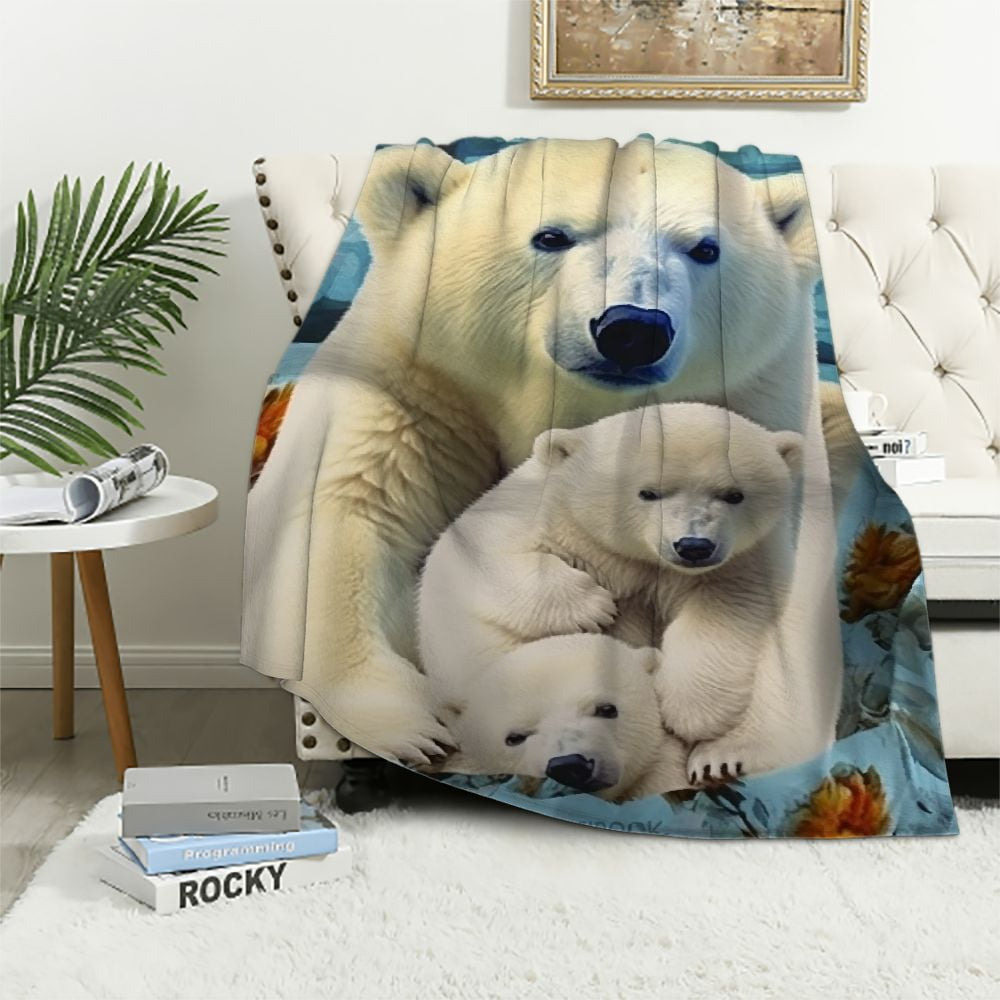 JEUXUS Polar Bear Throw Blanket Cozy Plush Cute Bears Flannel Ultra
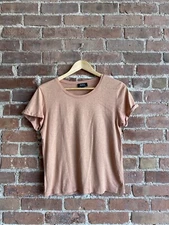 APC Women's T Shirt, Sz XS Cotton/Linen Peach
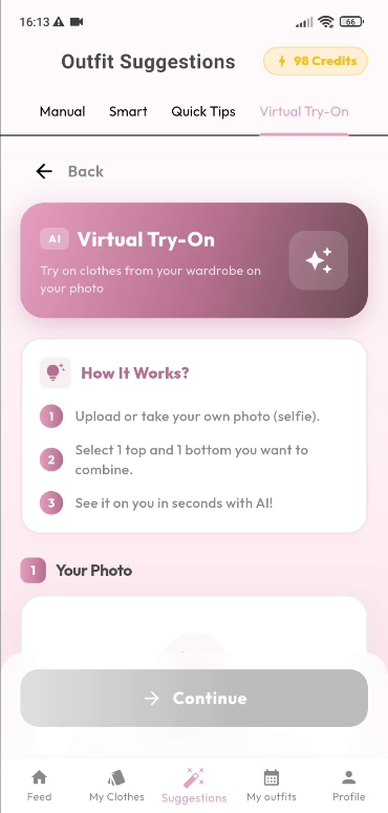 istlook Virtual Try-On start screen with a pink banner that says Try on clothes from your wardrobe on your photo and a short three-step How It Works card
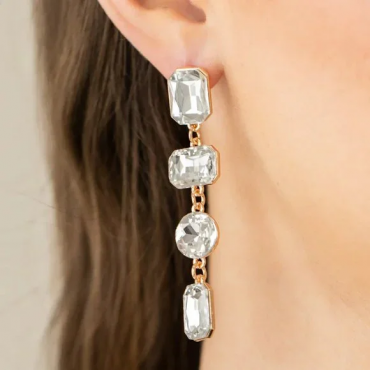 Cosmic Heiress - Gold Frame White Rhinestone Gem Earrings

—————

Problem to solve: Lines before the one containing "istlook Virtual Try-On" are not wanted; write out that line and every later line through the end of the data above, exactly, without pictures.

Completed exercise:
 istlook Virtual Try-On start screen with a pink banner that says Try on clothes from your wardrobe on your photo and a short three-step How It Works card
 Cosmic Heiress - Gold Frame White Rhinestone Gem Earrings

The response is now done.